Starting point is 00:02:11 And we have a lot of incidents that happen on a regular basis. But today we want to talk about experiences that Laura Nolan has. And Laura, I think we've never met in person, unfortunately. But Laura, I saw your work online. I found you when I did some research on site reliability engineering. I saw you were speaking at SREcon and I'm pretty sure at many other conferences and online venues and also on-site venues when we were back in the days when we were speaking at places then this strange incident happened for the last two years um but laura instead of me trying to figure out how to best introduce yourself please do us the favor uh introduce yourself to our audience hello well um
Starting point is 00:02:58 yes i'm laura i am i'm a software engineer um and i guess for long time, I've been very interested in failure, what it can tell us about systems, interested in what we can learn about systems, I guess, more generally, right? I mean, every system that we work with is different and unique in its own ways, but what can we learn from one system and how it fails about other systems? And it turns out that there's actually quite a lot. There's a whole system science that's been out there for the last number of years. So I think we see things. When we look at our software systems, our production systems, we very often see repeated types of failures, sometimes within the same
Starting point is 00:03:47 system and sometimes things that look similar that happen in other people's systems. So I think there's a lot that we can learn. This is not a new insight in software. This is something that has been done in other industries, most famously, I guess, the airline industry. I mean, they spend a lot of time learning from their incidents. Incidents can teach us a lot. So, yeah, that's something I'm very interested in. It's not the only thing I do, but it's certainly something I'm very interested in.
Starting point is 00:04:15 And, Laura, I think you don't do yourself justice when you talk a little bit about your history. I just have your LinkedIn profile open, and it's fascinating. If I see who you worked for and what you did at this company. You worked for Google as a site reliability engineer, as a staff site reliability engineer. You worked at a company that Brian and I rely on every day, 24-7. You worked at Slack. And I'm pretty sure you have your fair share
Starting point is 00:04:44 of stories. And I'm pretty sure you have your fair share of stories. And I'm really looking forward to now have some conversations on what we can learn from incidents and kind of what kind of practices you had and what kind of culture you had back in these organizations. Right now, who do you work for right now? I think you switched jobs recently. I did. In the last few months, I've switched to work for a company called Stanza. Stanza is, I guess we're still fairly stealth mode in our startup. We're in early days.

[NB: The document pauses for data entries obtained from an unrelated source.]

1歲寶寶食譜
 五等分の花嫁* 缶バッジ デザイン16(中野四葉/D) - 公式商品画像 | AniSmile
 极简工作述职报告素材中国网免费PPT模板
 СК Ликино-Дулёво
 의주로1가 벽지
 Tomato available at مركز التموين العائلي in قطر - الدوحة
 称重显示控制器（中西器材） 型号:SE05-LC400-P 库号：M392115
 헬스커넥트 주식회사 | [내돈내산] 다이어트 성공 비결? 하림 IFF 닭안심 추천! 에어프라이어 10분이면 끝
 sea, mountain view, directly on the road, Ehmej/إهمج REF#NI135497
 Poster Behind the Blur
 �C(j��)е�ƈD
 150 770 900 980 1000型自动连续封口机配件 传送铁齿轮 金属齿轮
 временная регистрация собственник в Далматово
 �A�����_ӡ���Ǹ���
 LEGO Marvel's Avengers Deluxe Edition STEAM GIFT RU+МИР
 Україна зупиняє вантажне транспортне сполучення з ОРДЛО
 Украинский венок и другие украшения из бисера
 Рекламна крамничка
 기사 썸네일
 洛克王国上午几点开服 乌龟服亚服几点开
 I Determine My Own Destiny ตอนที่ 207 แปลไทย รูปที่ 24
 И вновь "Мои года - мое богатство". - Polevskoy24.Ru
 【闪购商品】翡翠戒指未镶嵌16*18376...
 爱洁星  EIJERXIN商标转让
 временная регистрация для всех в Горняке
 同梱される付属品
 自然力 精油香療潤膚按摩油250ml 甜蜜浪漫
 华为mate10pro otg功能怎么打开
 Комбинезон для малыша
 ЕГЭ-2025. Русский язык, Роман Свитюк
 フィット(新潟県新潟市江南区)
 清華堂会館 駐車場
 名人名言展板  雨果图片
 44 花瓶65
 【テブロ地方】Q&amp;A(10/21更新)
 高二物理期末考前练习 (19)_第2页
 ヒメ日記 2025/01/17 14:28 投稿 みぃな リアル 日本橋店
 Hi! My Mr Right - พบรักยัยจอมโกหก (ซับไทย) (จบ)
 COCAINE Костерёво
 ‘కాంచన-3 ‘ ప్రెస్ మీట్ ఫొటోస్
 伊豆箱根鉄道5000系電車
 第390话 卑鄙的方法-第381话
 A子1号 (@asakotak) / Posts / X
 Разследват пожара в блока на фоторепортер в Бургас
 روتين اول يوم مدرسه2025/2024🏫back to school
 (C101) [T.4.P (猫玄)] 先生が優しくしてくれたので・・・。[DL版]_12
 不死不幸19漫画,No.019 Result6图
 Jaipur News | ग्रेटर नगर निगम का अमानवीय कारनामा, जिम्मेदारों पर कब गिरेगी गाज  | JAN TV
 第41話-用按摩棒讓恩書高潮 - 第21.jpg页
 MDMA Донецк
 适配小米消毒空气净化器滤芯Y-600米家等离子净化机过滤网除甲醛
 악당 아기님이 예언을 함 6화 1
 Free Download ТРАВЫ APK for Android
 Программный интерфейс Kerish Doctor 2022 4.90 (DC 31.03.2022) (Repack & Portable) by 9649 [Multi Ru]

Starting point is 00:05:11 We are baking our first product. Unsurprisingly, that product has definitely things to do with reliability and helping you prevent and recover from incidents. We're not an incident management software, but it's something in that space. All shall be unveiled in the coming months. So that's very interesting work. It gives me a chance to, I guess,
Starting point is 00:05:37 apply things that I've learned through the rest of my career into a product that we hope will be good for everybody in the industry. Awesome. So, yes. And you're correct. I have many stories. One of the things I used to do at Slack, it wasn't my main job,
Starting point is 00:05:51 but I fairly often used to write engineering blog posts about some of our incidents. I think I've got three or four that are up there on the Slack engineering blog. They're quite long and detailed. So those are worth a look if you're interested in incident stories. I'm not sure if there's a good timing,
Starting point is 00:06:12 but I think it kind of is a good timing because we at Dynatrace, we just had an incident last week that also forced us. We wrote a blog about it. We had, after an update of our single sign-on, our customers were no longer able to log into our systems, which obviously is an incident we're not proud of, but at least
Starting point is 00:06:34 we could fix the problem in almost no time. And just as you just said, on the engineering blog, it's like you were covering these incidents back then to really, A, I guess, show the world that you are open about this because failures can happen. I think that's also part of kind of a blameless culture that you can just admit that failures happen. And I think the more we share about what problems can happen in complex systems, the more we hopefully contribute to making the world a more resilient place
Starting point is 00:07:05 because others can learn from us. And therefore, it's not just from our own failures that we learn. My question to you would be, Laura, how can you convince an organization to actually go down that route? How can you actually, I mean, how can you be open about things that people typically are not that proud of if something bad happens? Yeah. Yeah, that's a great question. I guess when we're looking at incidents, there are two kind of strands.
Starting point is 00:07:40 Companies will do an internal incident review, something that's just done internally. Very often a lot of depth. You might think about kind of organizational factors as well as technical factors, how people work together, all of these things. And then there's the public blog post. So this is a really interesting beast. John Oldsball has talked about this quite a lot. So he says that external and internal write-ups serve different purposes. So he thinks that the internal write-up is generally, hopefully geared towards learning and actually improvement. Whereas very often the external blog post is an attempt to save face
Starting point is 00:08:16 or sort of make an extended apology or sort of convince your customers in some way that you're a responsible company trying to do the right things. I think John isn't wrong, but weirdly enough, I think that the most impactful external incident write-ups are actually the ones where people are not trying to make it an apology or trying to make themselves look good, but actually the ones where people are as honest as they possibly can be in that context. And of course, there's all sorts of complications. I mean, organizations are interested in protecting
Starting point is 00:08:52 their trade secrets. Organizations don't want to create legal trouble for themselves. So it's not easy to be completely sort of honest with your external incident reports. But I do think that it's possible to be open enough and detailed enough to actually, you know, to disseminate information through the industry. And I think there's a lot of times when we do see that. There's a lot of public incident reports that are out there and some of them are amazingly detailed. Some of them are amazingly useful.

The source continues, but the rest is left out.